The respect administrators and teachers have for students is always bounded by the fact that they have complete power over them. No matter how well-intentioned an educator may be, at the end of the day they have the autonomous power to grade and punish. Even though we accept this as a norm, the fundamental nature of this power is always abusive on some level. The typical response by those in power is to dismiss this observation by asserting that it is a necessity for the functioning of school – an ultimately trivial assertion.

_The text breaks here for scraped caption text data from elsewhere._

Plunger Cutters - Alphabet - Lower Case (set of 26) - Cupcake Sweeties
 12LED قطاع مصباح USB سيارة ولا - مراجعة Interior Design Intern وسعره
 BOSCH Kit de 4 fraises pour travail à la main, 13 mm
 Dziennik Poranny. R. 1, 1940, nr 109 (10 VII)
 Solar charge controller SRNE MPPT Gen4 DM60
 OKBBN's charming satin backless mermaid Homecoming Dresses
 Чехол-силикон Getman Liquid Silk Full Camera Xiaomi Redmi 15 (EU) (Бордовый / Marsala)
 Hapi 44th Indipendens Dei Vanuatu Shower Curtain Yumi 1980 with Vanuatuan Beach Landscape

That kind of thinking conspires to doom any hope for improving how kids are educated. As a society that cares about our children and our future we have an obligation to hold those people in contempt. The fundamental assumption of school is that learning can only take place in an environment where students have no civil rights, no expectations of privacy, and no desire for self-expression beyond the boundaries of what is permitted within the rigid scope of school activities.
 
As long as schools are structured the way they are, there will always be bullying. The worst part is that the students who are subjected to the oppressive conditions of school will always be blamed, thereby exacerbating the situation as we see taking place already. The tactics and measures currently being designed to punish bullies, or suppress bullying, might have a small impact, but it is at a great cost of making a horrible environment even more unbearable. Every complaint or insult a student makes to another can subjectively be deemed a form of bullying by an administrator (and the recent history of abuses under zero tolerance shows it will).

Ultimately, this will lead to more bullying of students by those running schools with more punishments and suspensions and an environment of anxiety and fear. This is the state of most schools today, already. When will the real bullies ever held accountable?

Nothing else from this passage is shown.